В тот первый раз Маша неуверенно улыбнулась.
Бикулина тоже улыбнулась, но уже с чувством превосходства.
— Пошли, новенькая! Я тебе кое-что покажу! — Бикулина поднялась со скамейки. Маша тоже поднялась, подумав, однако, что уже поздно, что мама с папой уже успели удивиться её долгому отсутствию, а скоро начнут и волноваться. Новый двор! Первый вечер!
Холодный синий глаз весны ещё больше потемнел, красные слёзы заката в нём заплескались. И пока поднимались по замызганной чёрной лестнице на последний этаж, из каждого окна высвечивал Машу этот закат — первый в новом дворе. Юлия-Бикулина перевела дух, толкнула чердачную дверь. Дверь подалась.

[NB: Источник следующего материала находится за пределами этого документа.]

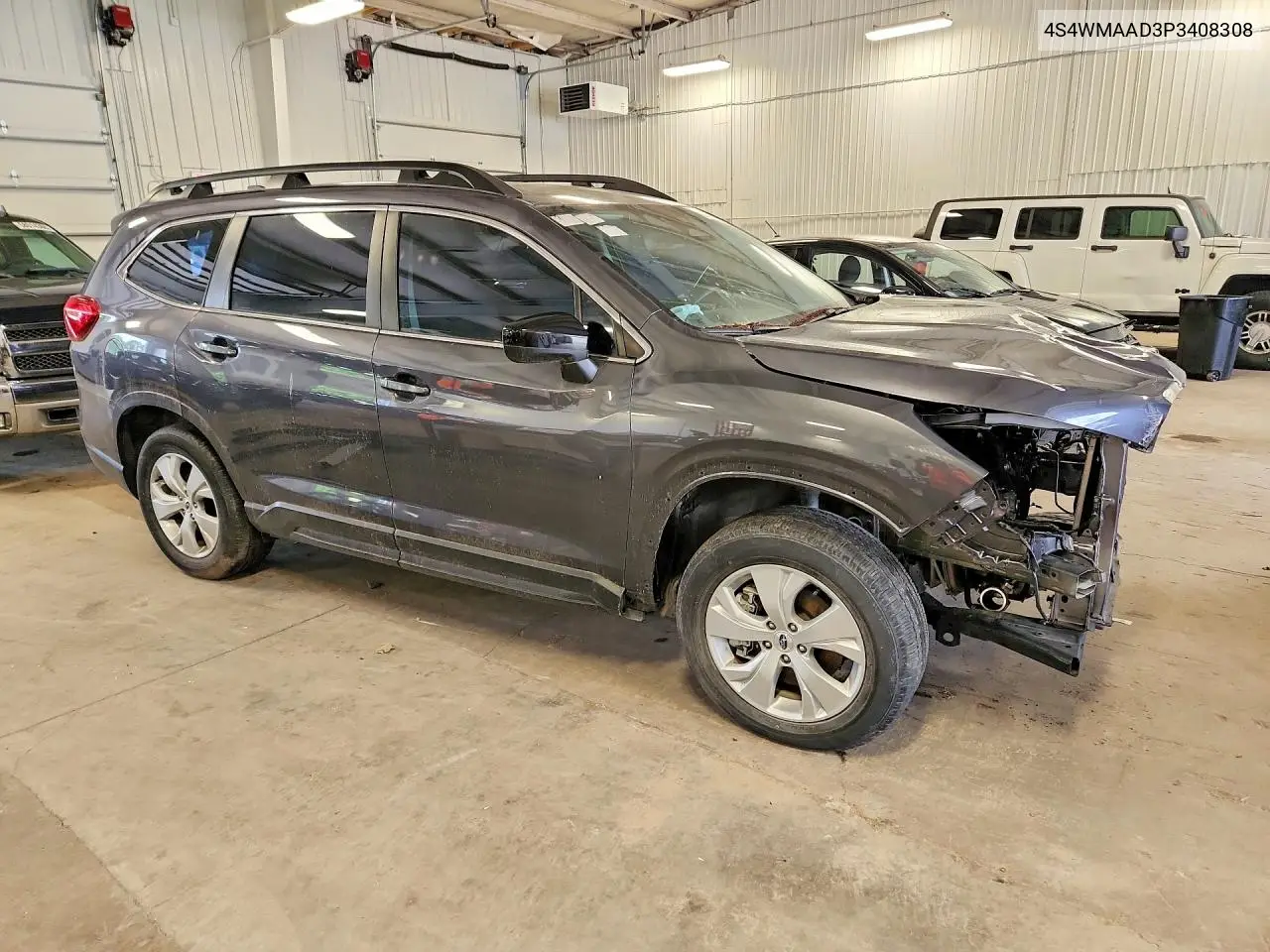 2023 Subaru Ascent VIN: 4S4WMAAD3P3408308 Lot: 57087996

— Отлично! — сказала Бикулина. — Вперёд!
Маша осторожно ступала следом. Неприятно как-то было на чердаке. «Зачем? Зачем? Зачем я здесь?» — не понимала Маша, а Бикулина наконец достигла цели — огромного круглого окна. Со двора окно казалось безобидным маленьким кругляком, а здесь из него открывалась неземная панорама. Красным холодным вином хлестал закат в круглое окно и пьянил Машу. Звёзды, как свечи, пока только теплились на отвоёванной у заката чистой небесной территории. Дуб в сквере, в ветках которого отстаивала свою свободу Юлия-Бикулина, казался отсюда жалким кустиком, а цветущие вишня и яблоня едва белели. Теперь Маше было понятно, зачем привела её на чердак новая подруга! Закат! Откуда увидишь ещё такой закат?